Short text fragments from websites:
----
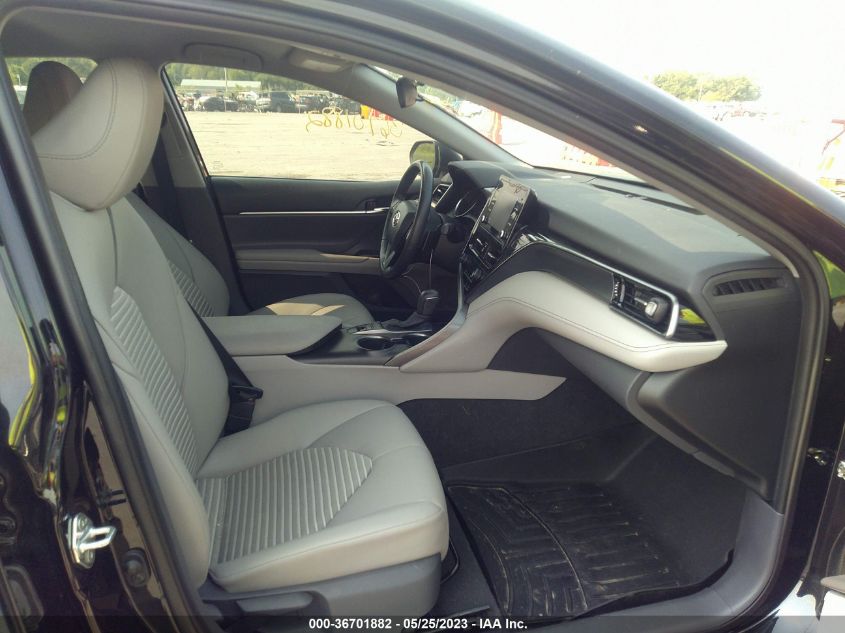 2021 TOYOTA CAMRY HYBRID SE - 4T1G31AK2MU554386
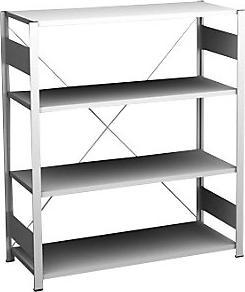 Actual product image kaiserkraft Sideboard plug-in shelf, light gray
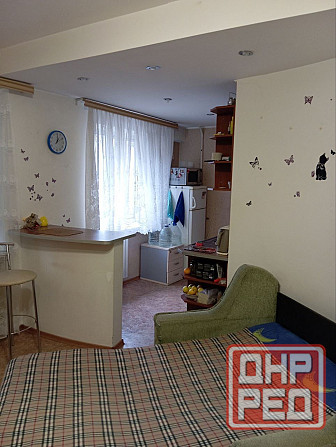 Продам 2 ком.кв в Донецке пр. Ильича, магазин Грузия Донецк - изображение 3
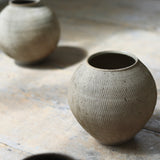 Hannah Blackall-Smith 'Fluted Vase II'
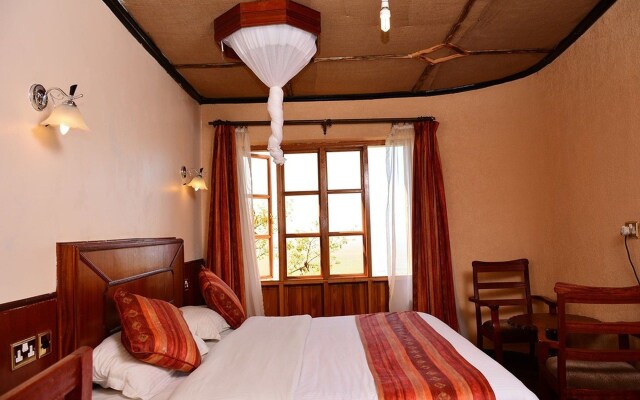 Mara Sun Lodge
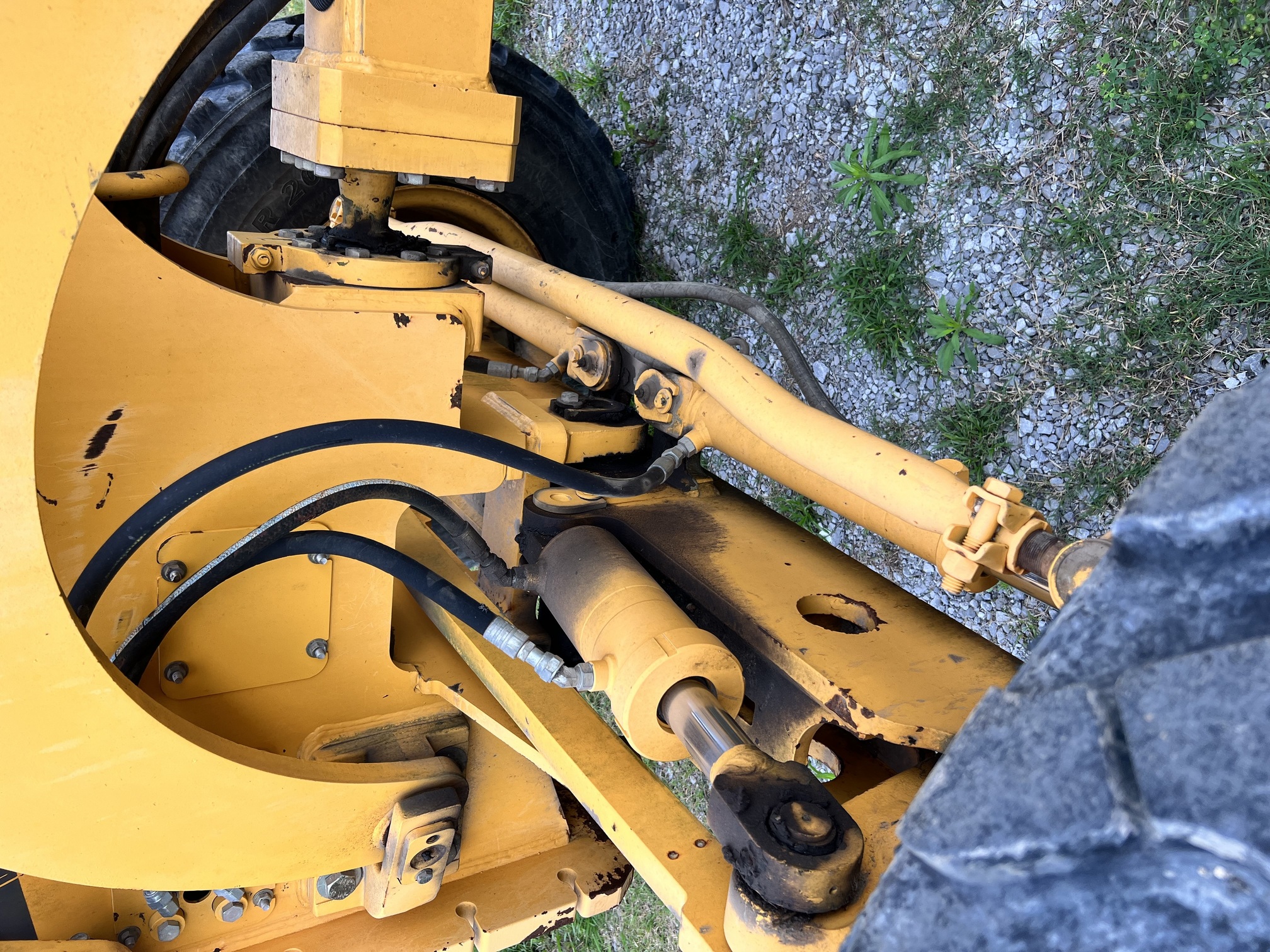 2013 VOLVO G930B - Image 9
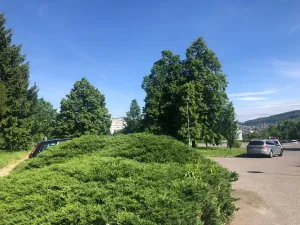 Pronájem bytu 1+kk, Zlín, Větrná, 27 m2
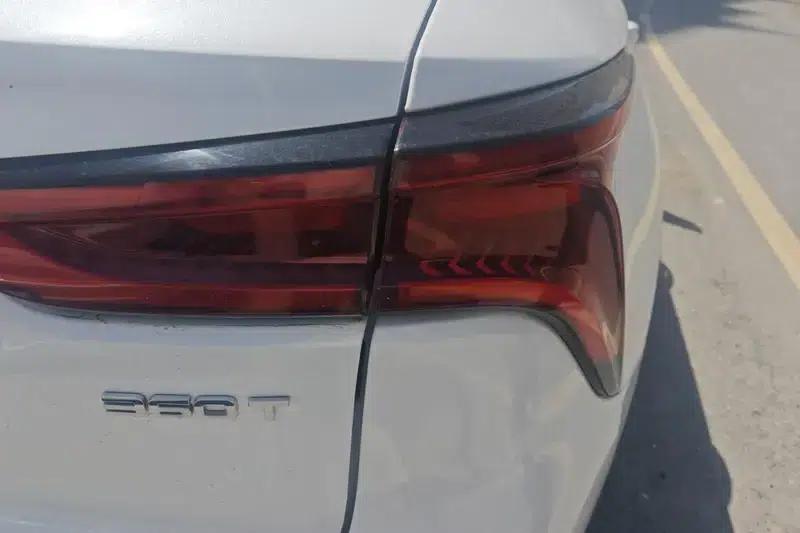 Changan CS75 PLUS 2021 2.0T Automatic Navigation Edition — миниатюра 5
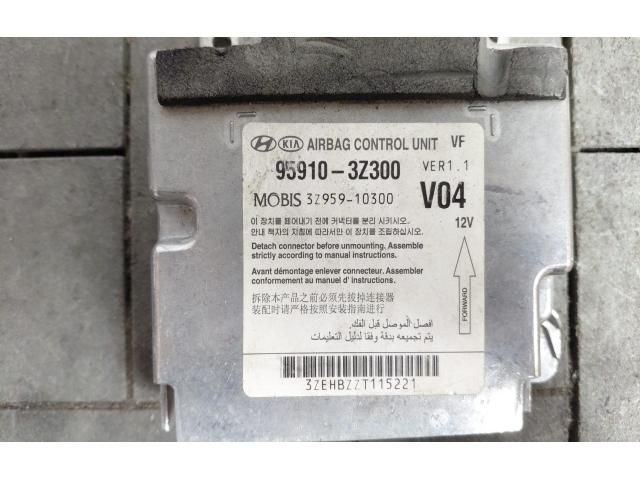 bontott HYUNDAI i40 Légzsák Elektronika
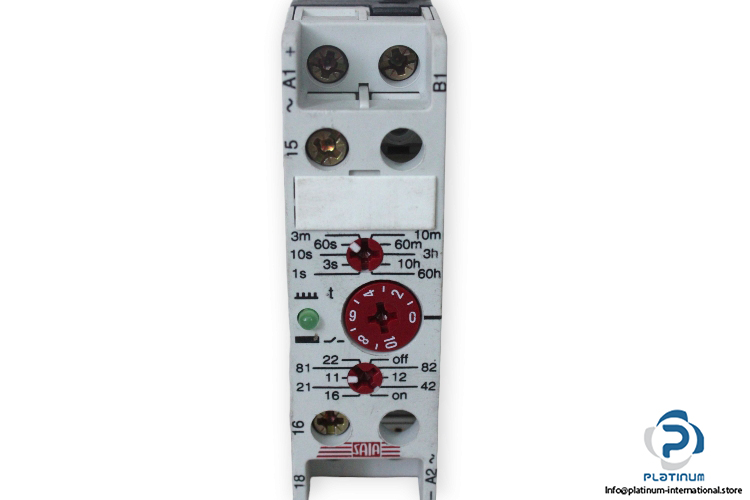saia-KOP160D7MWVAN00-time-delay-relay-(used)-1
----
ABOUT THIS TASK => Each of the lines above should be transcribed exactly; no image is to be copied.

RESULT =>
 2021 TOYOTA CAMRY HYBRID SE - 4T1G31AK2MU554386
 Actual product image kaiserkraft Sideboard plug-in shelf, light gray
 Продам 2 ком.кв в Донецке пр. Ильича, магазин Грузия Донецк - изображение 3
 Hannah Blackall-Smith 'Fluted Vase II'
 Mara Sun Lodge
 2013 VOLVO G930B - Image 9
 Pronájem bytu 1+kk, Zlín, Větrná, 27 m2
 Changan CS75 PLUS 2021 2.0T Automatic Navigation Edition — миниатюра 5
 bontott HYUNDAI i40 Légzsák Elektronika
saia-KOP160D7MWVAN00-time-delay-relay-(used)-1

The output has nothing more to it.